Table of Contents
ISRN Applied Mathematics
Volume 2011, Article ID 532682, 19 pages
Research Article

Acoustic Wave Propagation in a Trifurcated Lined Waveguide

Department of Mathematics, Quaid-i-Azam University, Islamabad 44000, Pakistan

Received 11 March 2011; Accepted 30 March 2011

Academic Editors: C. Chen, P. J. García Nieto, and C. Lu

Copyright © 2011 M. Ayub et al. This is an open access article distributed under the Creative Commons Attribution License, which permits unrestricted use, distribution, and reproduction in any medium, provided the original work is properly cited.


The diffraction of sound from a semi-infinite soft duct is investigated. The soft duct is symmetrically located inside an acoustically lined but infinite duct. A closed-form solution is obtained using integral transform and Jones' method based on Wiener-Hopf technique. The graphical results are presented, which show how effectively the unwanted noise can be reduced by proper selection of different parameters. The kernel functions are factorized with different approaches. The results may be used to design acoustic barriers and noise reduction devices.

1. Introduction

The analysis of the effects of unwanted noise has been an active area of research because of its technological importance.
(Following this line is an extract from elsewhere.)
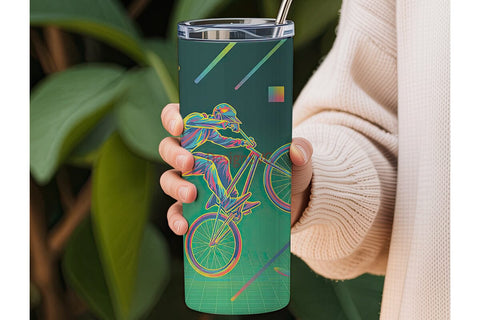 BMX Neon Rider 20oz Tumbler Wrap Sublimation DesignSVG 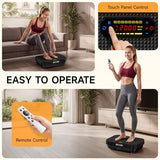 SEDOZIK Vibration Plate Exercise Machine, 450lb Capacity Whole Body Vibrating Plate for Lymphatic Drainage, Shaker Board Platform for Weight Loss with Resistance Bands Bluetooth 120 Speeds, Black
This study is important in connection with exhaust system, steam valves, internal combustion engines of aircraft and vehicles, turbofan engines, and ducts and pipes. The analysis of wave scattering by such structures is an important area of noise reduction and relevant for many applications. Continued interest in the problem of noise reduction has attracted the attention of many scientists, physicists, and numerical simulists.

Many interesting mathematical models for the reduction of noise are discussed by several authors. In view of historical perspectives the story goes that Rawlins [1] was the first to show that the duct with a thin acoustically absorbent lining is an effective method which can be used to reduce the unwanted noise within a waveguide. As a sound attenuator, the acoustic performance of a duct can be increased significantly by lining its walls with an acoustically absorbent material [2]. Koch [3] discussed the problem of noise reduction from the engineering point of view, namely, in rectangular chambers, circular and annular geometries in the absence of mean flow situation. In another paper [4], Koch discussed the analytical solution of the problem of sound radiation from the open end of a semi-infinite two-dimensional duct whose inner side walls are lined with a locally reacting sound absorbing material of finite length. The problem was solved analytically with the help of Wiener-Hopf technique. The obtained analytical results were also discussed numerically for several parameters of interest.

Jones [5] discussed the problem of scattering of plane waves from three parallel soft semi-infinite and equidistant plates and calculated the far field and the field within the waveguide. Later on, Asghar et al. [6] extended Jones analysis [5] for the case of line source and point source scattering in still air and as the medium is convective. Afterwards Hassan and Rawlins [7] analyzed an acoustic diffraction problem considering a semi-infinite hard-soft duct and obtained exact, closed-form solution valid for all plate spacings. Asghar and Hayat [8] obtained an exact solution for the problem of scattering of sound within absorbing parallel plates using Wiener-Hopf technique. In [9] the analytical solution of the sound field of a semi-infinite acoustically soft cylindrical duct, accounting for diffraction at the outlet, has been obtained applying Wiener-Hopf technique. In a similar context, Büyükaksoy and Polat [10] studied diffraction phenomenon in a bifurcated waveguide by considering a dominant mode wave incident on a soft-hard half-plane centered inside an infinite parallel plate waveguide with hard boundaries.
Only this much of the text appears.